[Problem description]
Exactly the lines from the one containing "Openwork Flower Ornament" through the end of the listing must make up the answer, with no pictures included.

[Recorded data]
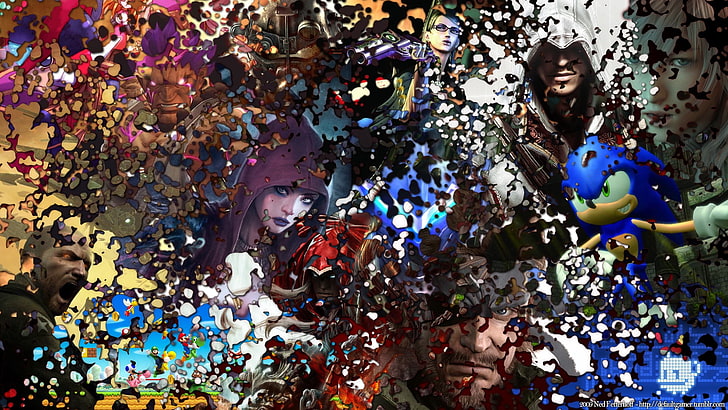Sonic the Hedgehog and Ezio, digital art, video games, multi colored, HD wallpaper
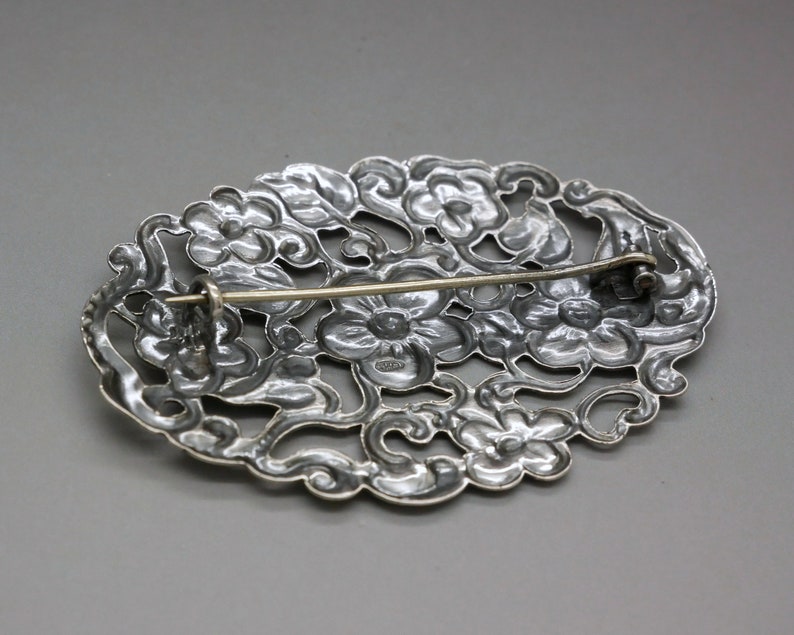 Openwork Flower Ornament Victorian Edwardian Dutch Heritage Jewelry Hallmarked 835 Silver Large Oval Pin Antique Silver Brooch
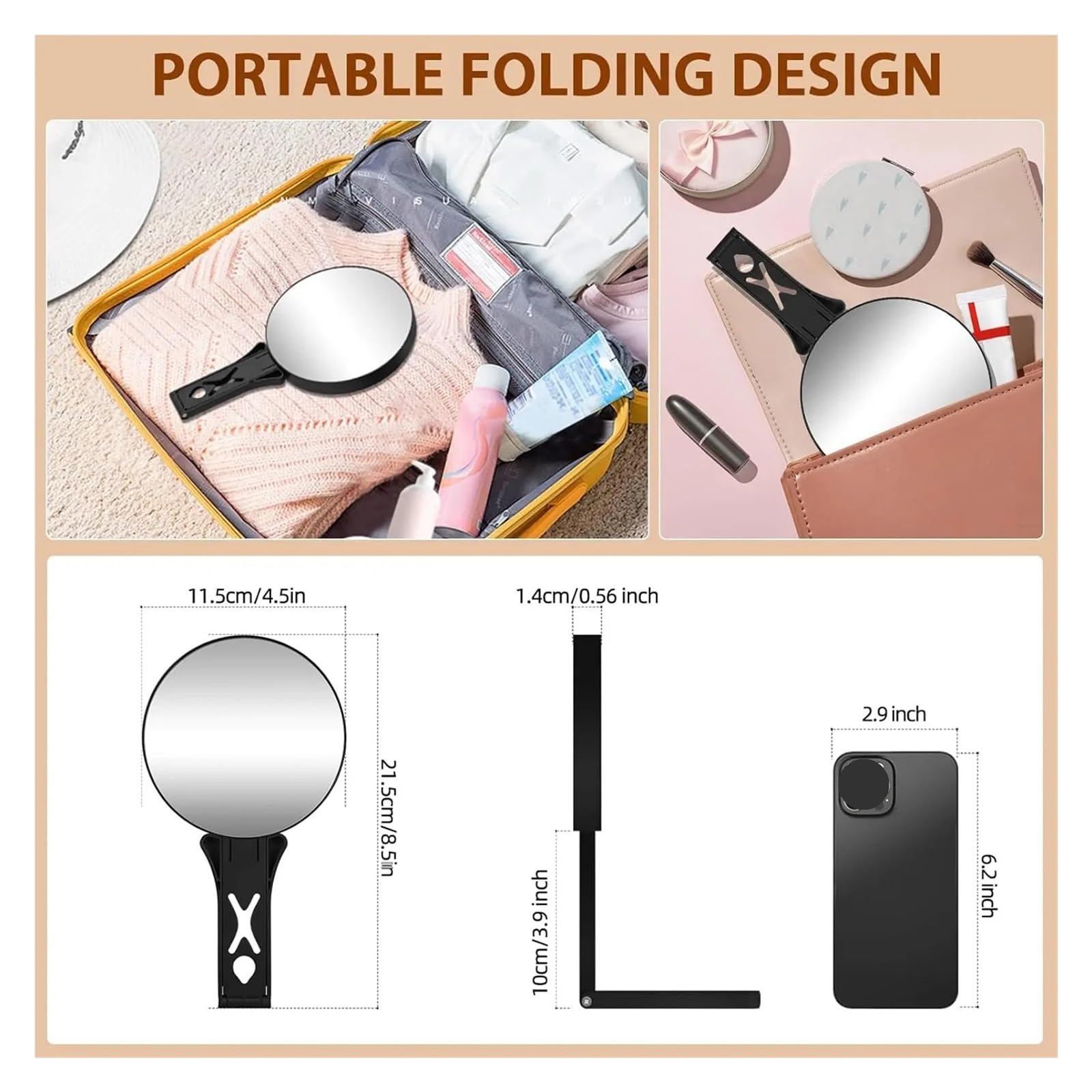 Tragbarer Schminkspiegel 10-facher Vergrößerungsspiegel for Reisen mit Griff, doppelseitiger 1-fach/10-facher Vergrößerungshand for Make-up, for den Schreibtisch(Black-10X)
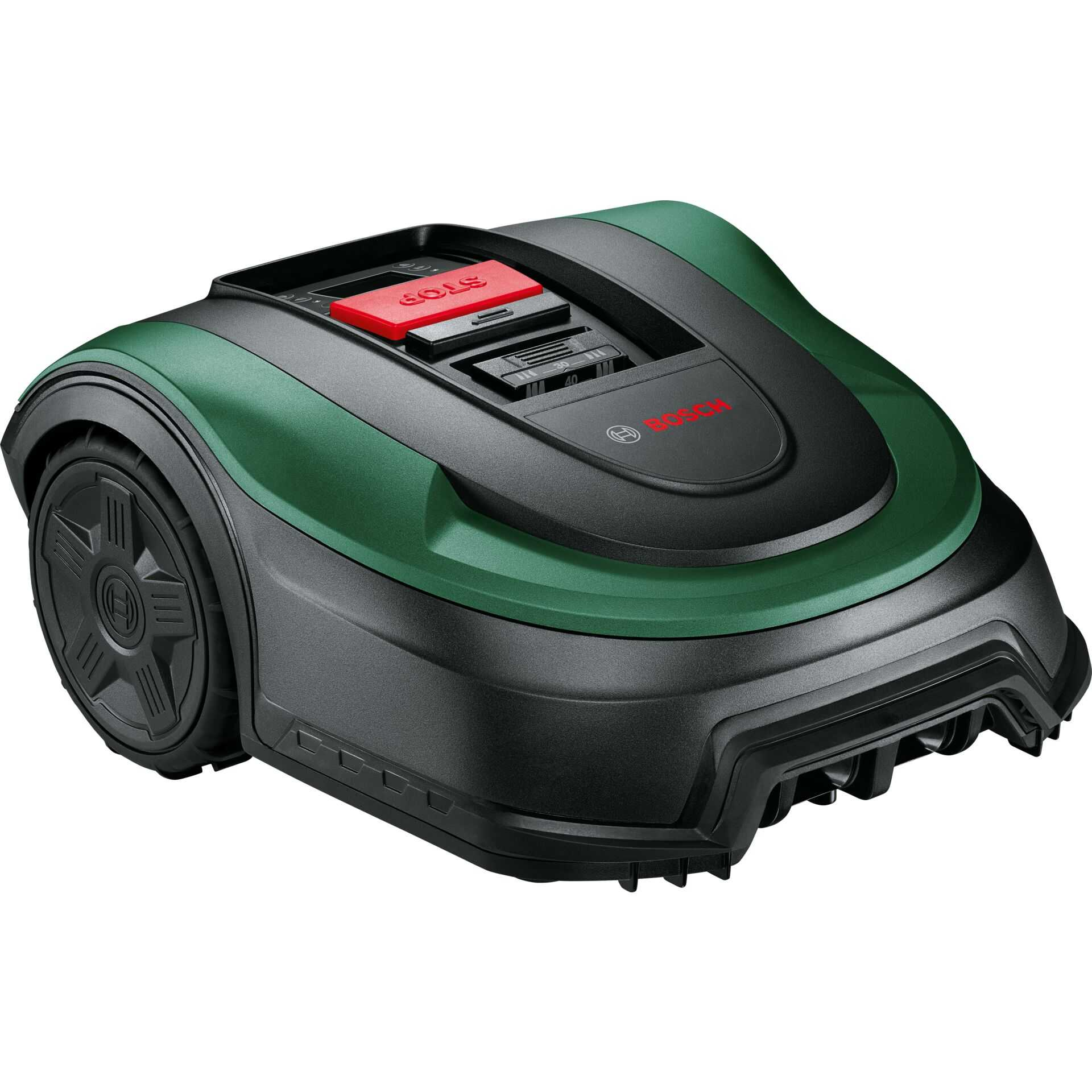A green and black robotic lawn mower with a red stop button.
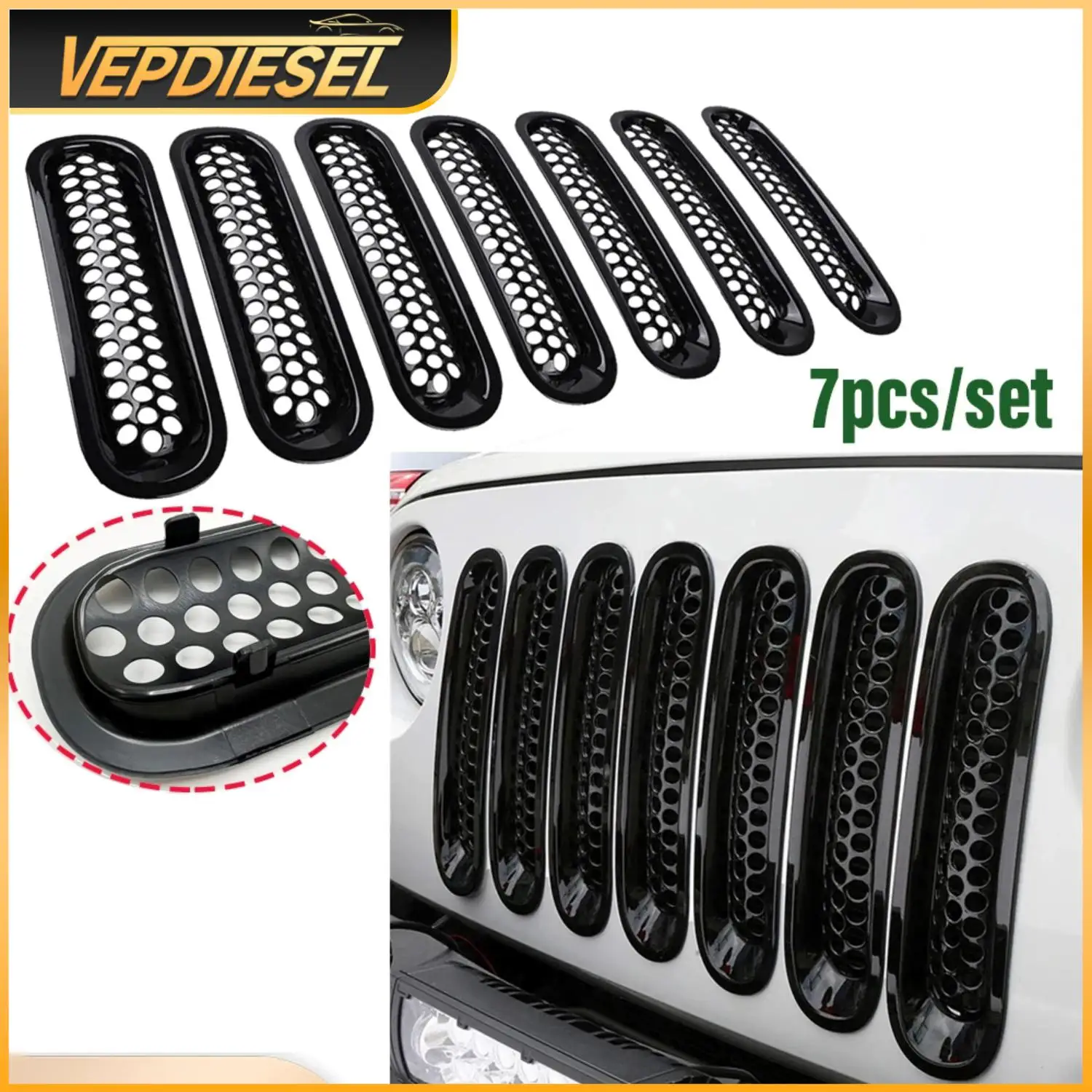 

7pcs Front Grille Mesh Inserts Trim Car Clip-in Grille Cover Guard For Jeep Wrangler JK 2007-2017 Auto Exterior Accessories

[Response]
 Openwork Flower Ornament Victorian Edwardian Dutch Heritage Jewelry Hallmarked 835 Silver Large Oval Pin Antique Silver Brooch
 Tragbarer Schminkspiegel 10-facher Vergrößerungsspiegel for Reisen mit Griff, doppelseitiger 1-fach/10-facher Vergrößerungshand for Make-up, for den Schreibtisch(Black-10X)
A green and black robotic lawn mower with a red stop button.

7pcs Front Grille Mesh Inserts Trim Car Clip-in Grille Cover Guard For Jeep Wrangler JK 2007-2017 Auto Exterior Accessories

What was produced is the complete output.